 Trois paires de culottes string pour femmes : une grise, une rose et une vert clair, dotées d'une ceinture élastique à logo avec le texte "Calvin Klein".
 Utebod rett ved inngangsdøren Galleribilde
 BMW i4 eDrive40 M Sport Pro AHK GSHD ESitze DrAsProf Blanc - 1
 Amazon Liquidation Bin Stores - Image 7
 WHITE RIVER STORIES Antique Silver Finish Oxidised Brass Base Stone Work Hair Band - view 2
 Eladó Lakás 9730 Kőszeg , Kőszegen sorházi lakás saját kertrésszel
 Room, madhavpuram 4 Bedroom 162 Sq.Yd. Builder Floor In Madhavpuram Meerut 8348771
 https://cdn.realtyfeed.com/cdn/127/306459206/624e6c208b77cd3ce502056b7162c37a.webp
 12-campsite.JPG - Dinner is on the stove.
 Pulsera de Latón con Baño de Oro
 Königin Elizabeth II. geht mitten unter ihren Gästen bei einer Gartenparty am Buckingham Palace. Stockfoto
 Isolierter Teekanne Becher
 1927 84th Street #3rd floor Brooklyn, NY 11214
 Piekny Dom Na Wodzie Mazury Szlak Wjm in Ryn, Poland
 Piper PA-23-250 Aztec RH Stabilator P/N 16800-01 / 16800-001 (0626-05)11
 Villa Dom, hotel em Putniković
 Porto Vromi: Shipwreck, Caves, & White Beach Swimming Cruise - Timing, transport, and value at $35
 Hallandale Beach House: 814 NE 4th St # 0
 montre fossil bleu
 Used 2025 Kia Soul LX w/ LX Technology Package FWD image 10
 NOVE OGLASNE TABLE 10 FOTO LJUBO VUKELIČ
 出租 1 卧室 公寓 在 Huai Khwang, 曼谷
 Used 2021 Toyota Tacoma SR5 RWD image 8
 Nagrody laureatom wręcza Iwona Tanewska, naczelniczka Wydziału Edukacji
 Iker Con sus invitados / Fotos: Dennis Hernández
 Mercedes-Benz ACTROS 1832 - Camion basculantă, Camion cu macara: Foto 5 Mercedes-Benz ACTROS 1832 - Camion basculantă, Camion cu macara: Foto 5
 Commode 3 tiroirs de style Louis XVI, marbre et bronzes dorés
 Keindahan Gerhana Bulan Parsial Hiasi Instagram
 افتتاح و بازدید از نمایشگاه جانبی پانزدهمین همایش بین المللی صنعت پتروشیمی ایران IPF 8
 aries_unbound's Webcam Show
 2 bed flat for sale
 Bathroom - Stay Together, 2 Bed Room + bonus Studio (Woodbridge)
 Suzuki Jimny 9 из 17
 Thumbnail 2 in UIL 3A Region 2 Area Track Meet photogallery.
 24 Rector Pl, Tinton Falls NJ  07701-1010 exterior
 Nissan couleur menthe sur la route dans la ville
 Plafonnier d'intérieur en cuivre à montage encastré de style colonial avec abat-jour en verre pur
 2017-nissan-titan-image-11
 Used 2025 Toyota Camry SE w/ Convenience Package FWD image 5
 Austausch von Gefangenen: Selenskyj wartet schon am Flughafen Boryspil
★ ★ ★
### What is required
Return exactly the opening lines of the listing above, ending with the line that has "Pulsera de Latón con Baño de Oro".

### Answer to the problem
 Trois paires de culottes string pour femmes : une grise, une rose et une vert clair, dotées d'une ceinture élastique à logo avec le texte "Calvin Klein".
 Utebod rett ved inngangsdøren Galleribilde
 BMW i4 eDrive40 M Sport Pro AHK GSHD ESitze DrAsProf Blanc - 1
 Amazon Liquidation Bin Stores - Image 7
 WHITE RIVER STORIES Antique Silver Finish Oxidised Brass Base Stone Work Hair Band - view 2
 Eladó Lakás 9730 Kőszeg , Kőszegen sorházi lakás saját kertrésszel
 Room, madhavpuram 4 Bedroom 162 Sq.Yd. Builder Floor In Madhavpuram Meerut 8348771
 https://cdn.realtyfeed.com/cdn/127/306459206/624e6c208b77cd3ce502056b7162c37a.webp
 12-campsite.JPG - Dinner is on the stove.
 Pulsera de Latón con Baño de Oro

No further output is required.